Greater New York Mutual Insurance v. Farrauto

158 A.D.2d 514 | N.Y. App. Div. | 1990

On October 11, 1971, Angela Farruggio, the four-year-old granddaughter of the defendants Salvatore and Angelina Farrauto, fell down a flight of stairs in premises owned by the Farrautos. A dish the child was carrying broke and a piece of that dish struck Angela in the eye. Angela thereby sustained a serious injury to her eye, requiring hospitalization and an operation. In a statement that Angelina Farrauto subsequently gave to an investigator employed by the plaintiff, she acknowledged that, at the time of the accident, the linoleum covering the stairway was damaged and in need of repair.

At the time of the accident, the Farrautos were covered by a *515comprehensive liability policy issued by the plaintiff. Under the terms of the policy the Farrautos were required to give the plaintiff notice of the occurrence "as soon as practicable”. However, the Farrautos did not notify the plaintiff of the accident until 9½ years later, when they were served with a summons and complaint in a personal injury action brought on behalf of their granddaughter (see, Greater N. Y. Mut.

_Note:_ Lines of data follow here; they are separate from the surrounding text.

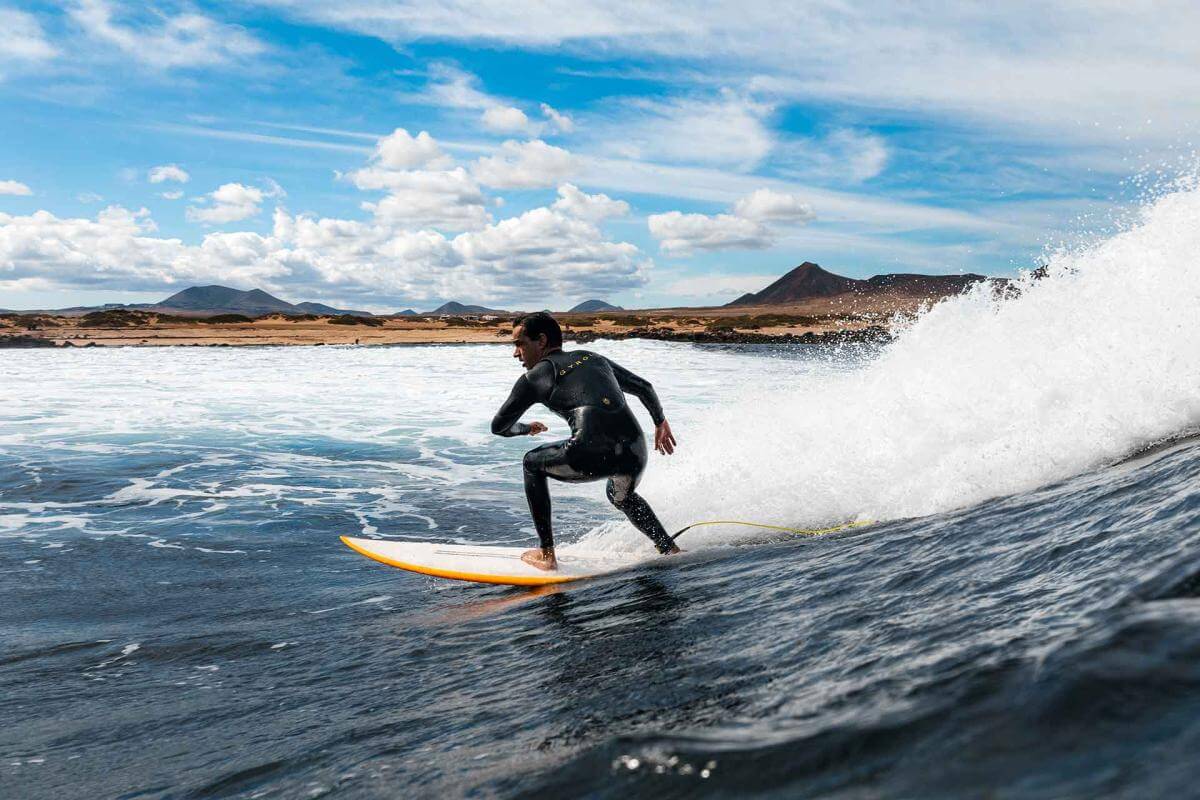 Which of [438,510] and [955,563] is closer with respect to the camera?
[955,563]

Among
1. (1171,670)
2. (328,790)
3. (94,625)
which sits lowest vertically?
(94,625)

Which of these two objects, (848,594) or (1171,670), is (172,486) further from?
(1171,670)

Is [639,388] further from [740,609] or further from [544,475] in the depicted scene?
[740,609]

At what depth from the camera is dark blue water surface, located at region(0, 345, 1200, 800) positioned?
2123mm

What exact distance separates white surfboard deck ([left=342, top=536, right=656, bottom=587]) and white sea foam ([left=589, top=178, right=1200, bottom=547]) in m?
0.79

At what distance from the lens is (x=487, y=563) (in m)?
7.32

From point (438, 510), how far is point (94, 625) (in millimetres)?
5056

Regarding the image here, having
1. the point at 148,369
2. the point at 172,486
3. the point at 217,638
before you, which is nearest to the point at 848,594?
the point at 217,638

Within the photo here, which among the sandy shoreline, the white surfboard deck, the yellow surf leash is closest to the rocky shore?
the sandy shoreline

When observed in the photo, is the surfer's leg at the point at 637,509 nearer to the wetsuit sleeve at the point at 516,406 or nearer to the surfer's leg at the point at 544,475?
the surfer's leg at the point at 544,475

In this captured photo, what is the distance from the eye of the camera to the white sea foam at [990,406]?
6.54 meters

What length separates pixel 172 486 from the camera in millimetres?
12461

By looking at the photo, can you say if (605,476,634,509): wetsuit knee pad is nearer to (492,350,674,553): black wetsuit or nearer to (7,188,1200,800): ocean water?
(492,350,674,553): black wetsuit

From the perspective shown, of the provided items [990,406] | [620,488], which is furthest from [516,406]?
[990,406] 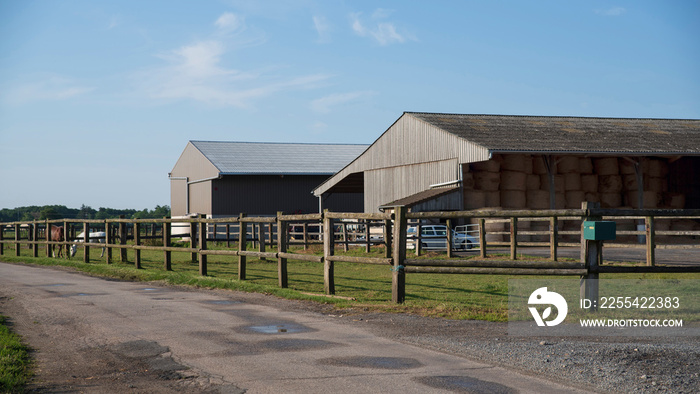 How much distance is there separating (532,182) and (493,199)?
2325mm

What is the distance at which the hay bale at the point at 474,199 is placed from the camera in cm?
2981

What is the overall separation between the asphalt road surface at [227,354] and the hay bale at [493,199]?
1996 cm

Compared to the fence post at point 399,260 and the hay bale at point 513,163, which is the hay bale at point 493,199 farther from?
the fence post at point 399,260

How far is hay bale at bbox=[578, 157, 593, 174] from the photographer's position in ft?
106

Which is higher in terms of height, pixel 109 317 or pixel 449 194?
pixel 449 194

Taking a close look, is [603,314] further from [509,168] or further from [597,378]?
[509,168]

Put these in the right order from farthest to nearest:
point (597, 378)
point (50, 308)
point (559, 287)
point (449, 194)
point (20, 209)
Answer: point (20, 209), point (449, 194), point (559, 287), point (50, 308), point (597, 378)

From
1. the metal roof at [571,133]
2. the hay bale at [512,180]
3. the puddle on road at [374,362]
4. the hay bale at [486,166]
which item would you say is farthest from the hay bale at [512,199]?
the puddle on road at [374,362]

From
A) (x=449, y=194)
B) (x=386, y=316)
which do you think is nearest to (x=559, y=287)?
(x=386, y=316)

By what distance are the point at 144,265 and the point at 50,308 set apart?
996 cm

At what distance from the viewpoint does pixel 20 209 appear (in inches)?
4412

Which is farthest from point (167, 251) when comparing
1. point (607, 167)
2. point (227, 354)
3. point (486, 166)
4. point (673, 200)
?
point (673, 200)

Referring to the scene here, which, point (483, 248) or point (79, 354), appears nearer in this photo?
point (79, 354)

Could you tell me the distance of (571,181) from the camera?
1253 inches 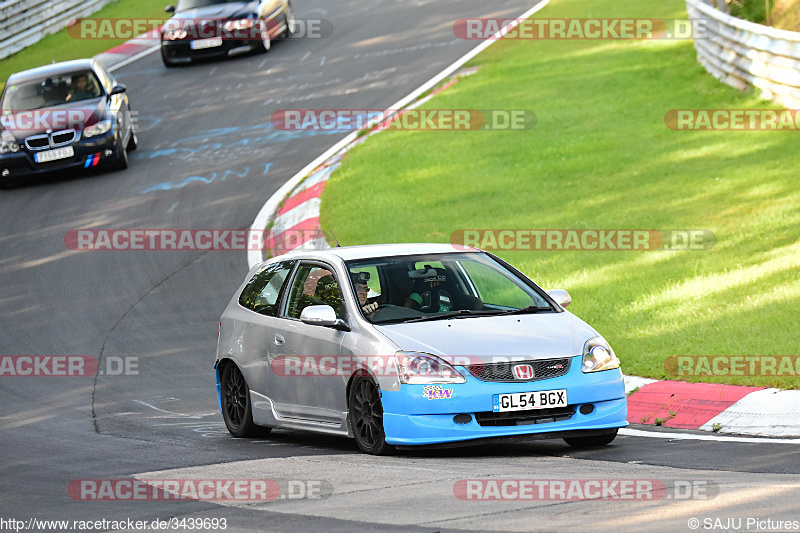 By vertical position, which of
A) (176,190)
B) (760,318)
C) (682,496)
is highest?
(682,496)

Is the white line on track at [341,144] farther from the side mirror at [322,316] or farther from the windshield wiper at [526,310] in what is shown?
the windshield wiper at [526,310]

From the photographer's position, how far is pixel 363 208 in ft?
59.8

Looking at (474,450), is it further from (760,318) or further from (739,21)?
(739,21)

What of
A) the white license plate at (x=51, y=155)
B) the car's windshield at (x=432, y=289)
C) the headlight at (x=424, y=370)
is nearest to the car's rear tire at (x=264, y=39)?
the white license plate at (x=51, y=155)

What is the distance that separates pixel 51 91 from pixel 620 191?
10.9m

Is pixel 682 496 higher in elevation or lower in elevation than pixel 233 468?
higher

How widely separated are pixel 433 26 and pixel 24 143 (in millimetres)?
12362

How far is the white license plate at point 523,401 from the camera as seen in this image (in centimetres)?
822

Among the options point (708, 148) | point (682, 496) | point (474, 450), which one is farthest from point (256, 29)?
point (682, 496)

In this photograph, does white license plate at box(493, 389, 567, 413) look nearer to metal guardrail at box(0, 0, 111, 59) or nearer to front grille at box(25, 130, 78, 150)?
front grille at box(25, 130, 78, 150)

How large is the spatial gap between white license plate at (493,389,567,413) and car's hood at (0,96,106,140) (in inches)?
583

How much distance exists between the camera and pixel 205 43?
28.6 m

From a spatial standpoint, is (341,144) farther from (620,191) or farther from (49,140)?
(620,191)

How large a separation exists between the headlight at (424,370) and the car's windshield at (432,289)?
70 cm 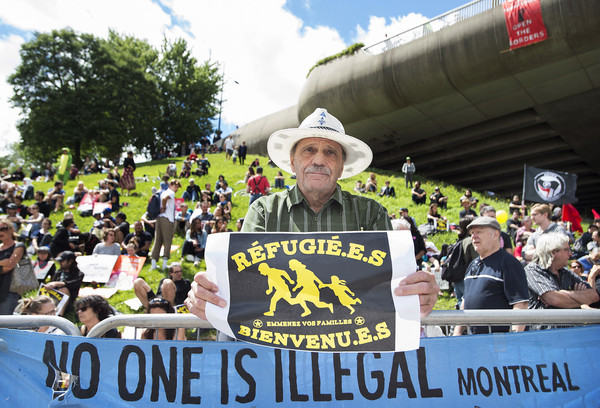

Ins. Co. v Farrauto, 136 AD2d 598).

The plaintiff subsequently commenced this action seeking a judgment declaring that, as a result of the delay in notification, it was not required to defend or indemnify the Farrautos. The Supreme Court ruled that prior to the commencement of the suit, there was no indication that anyone would pursue a claim against the Farrautos. Hence, the court reasoned, the Farrautos had no duty to notify the plaintiff of the occurrence until the suit had in fact been commenced. Accordingly, the court excused the delay in notification, and directed the plaintiff to defend and indemnify the Farrautos.

We reverse and find that the court erred as a matter of law in finding the 9½-year delay excusable. What is reasonable notification to an insurer must be determined under the particular facts and circumstances of each case (see, Security Mut. Ins. Co. v Acker-Fitzsimons Corp., 31 NY2d 436; see also, Mighty Midgets v Centennial Ins. Co., 47 NY2d 12). However, a delay in notification is not excusable where a reasonable and prudent insured would have concluded that there exists a strong possibility that a liability claim will be made (see, L’Italia Provisions Corp. v Interboro Mut. Indem. Ins. Co., 86 AD2d 888; Deso v London & Lancashire Indem. Co., 3 NY2d 127). The fact that an insured is unaware that an interfamilial lawsuit can be commenced is not a legally cognizable reason to delay notifying an insurer of an accident (see, Virtuoso v Aetna Cas. & Sur. Co., 134 AD2d 252).

In the instant case, the Farrautos at all times knew that their granddaughter had been seriously injured on a defective staircase. In such circumstances, a reasonable and prudent insured would have concluded that there was a strong possibility that a liability claim would arise (see, L’Italia Provisions Corp. v Interboro Mut. Indem. Ins. Co., supra; see, Allstate Ins. Co. v Furman, 84 AD2d 29, affd 58 NY2d 613; cf., Merchants Mut. Ins. Co. v Hoffman, 86 AD2d 779, affd 56 NY2d 799). Accordingly, the Supreme Court erred when it deemed the 9½-year delay herein excusable. Mangano, J. P., Brown, Rubin and Hooper, JJ., concur.